Late C.E.Tyndale Biscoe, who introduced first Christian Missionary School in Kashmir in 1881 at Fatehkadal, Srinagar; made the Dal Lake as the hub of aquatic sports activities for his students. He made swimming and rowing of boats compulsorily to the students in the school. Biscoe also organized inter house regatta of his school boys and encouraged the boys to swim across the Dal Lake. Biscoe extended the aquatic sports activities even to Wular lake during the summer months. In one of such aquatic sports activity in Wular lake, 12 Mission school teachers were drowned while rowing 12 oar boat, after their boat got capsized in stormy lake The Mission school boys churned the waters of every bay and gulfs in Wular lake and climbed every peak in the valley.

During the floods in Kashmir, many lives were lost. By this sport, Biscoe created student volunteers who were trained to save the lives of their neighbours from drowning.

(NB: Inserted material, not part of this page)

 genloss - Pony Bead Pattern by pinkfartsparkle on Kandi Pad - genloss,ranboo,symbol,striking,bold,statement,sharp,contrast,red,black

This sports festival in the Dal Lake was further championed by Late Ghulam Mohd. Bakshi the then Prime Minister of Kashmir till he headed the state. Late Bakshi was the student of the Biscoe school. He had imbibed sportsman spirit as one of his personality traits from the school teaching. During those years, the lake around Nehru park was decorated with colorful banners, flags, loudspeakers, gas balloons and bugle sounds. Great leaders like Late Pundit Jawaharlal Nehru the then Prime Minister of India used to be Chief guest of honour at Nehru Park point on these events. Boat crews of the of different Srinagar based schools and colleges participated in regattas. All class of people crowded along the Boulvard Bund of the lake to enjoy a thrilling water sports. Under the premiership of Late Bakshi regatta at Dal Lake and Jashn-e-Kashmir were regular grand annual finale. On the culmination of the regatta, Late Bakshi declared school holiday on the next day from the balcony of Nehru park hotel and at times ordered for distribution pastries to all boat crew of the schools / colleges in the lawns of Nehru Park. After G.M.Bakshi rule all these festivities in Dal Lake ended gradually. Late Pandit Jawaharlal Nehru had special fascination for Kashmir. He would never miss a chance to swim in this lake whenever he visited Srinagar.

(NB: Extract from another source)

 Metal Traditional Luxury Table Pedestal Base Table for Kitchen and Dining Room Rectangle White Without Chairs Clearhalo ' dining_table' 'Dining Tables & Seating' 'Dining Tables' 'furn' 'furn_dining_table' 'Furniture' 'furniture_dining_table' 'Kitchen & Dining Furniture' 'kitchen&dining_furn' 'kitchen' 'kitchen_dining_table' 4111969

The lake is girdled by well mettled road along the bank from Dal gate to Shalimar Bagh with long row of poplar trees along the road side. While driving along this road one gets ample time to enjoy panoramic view of the whole lake on one side and a salubrious look of mountain slopes, dotted with a royal castles of the Dogra Kings and Queens. There are many Mughal Gardens laid on the shore of Dal lake. Nishat Bagh, Shalimar Bagh and Chesmishahi are famous gardens laid by Mughal nobilities. The lower slopes of Shalimar and Zabarwan ranges along the bank of Dal Lake adds a fantastic beauty to the whole area. These slopes are covered with thick vegetation, plants, shrubs and trees. Some of the spurs on the slopes are decked with places which are historically known. Pari mahal has historical background. There are old ruins which were said to be one of the biggest Buddhist library when Buddhism was prevalent among the Kashmiri masses. Darashoku, brother of Mughal King Aurangzeb, had spent many years to study Hindu and Buddhist scriptures and other Kashmiri ethical Philosophies at Pari Mahal. Among the common persons in Srinagar it was a blind belief that Pari Mahal was haunted by faries.On the hillock of Shankracharya there is an ancient Shiva temple, said to be built by Sandiman, the King of Kashmir. Visitors to this sight can have full bird's eye view of whole of Srinagar, Dal Lake, Hari Parbat and the flowing river of the Jhelum (Vitasta). Just below the slope of Pari Mahal, there is a temple of Zestha Devi in the lap of mountain slopes.Of late, the lake has shrunken considerably in size. Water has dried up along the shores, giving way to marshy lands. The houseboat owners flush out all the dirt, filth and all human excrete into the lake thereby polluting the lake further. It has caused great concern to environmentalists. The lake was 6/3kms. in area. Causeways have divided the lake in four parts; Gagribal, Loket Dal, Bud Dal, Nagin Lake.

These water patches/bodies large and small justify that the whole valley must have been glorious lake of the world centuries ago. These geophysical facts get further corroborated, when one finds high altitude lakes and several mountain tarn encircling the valley.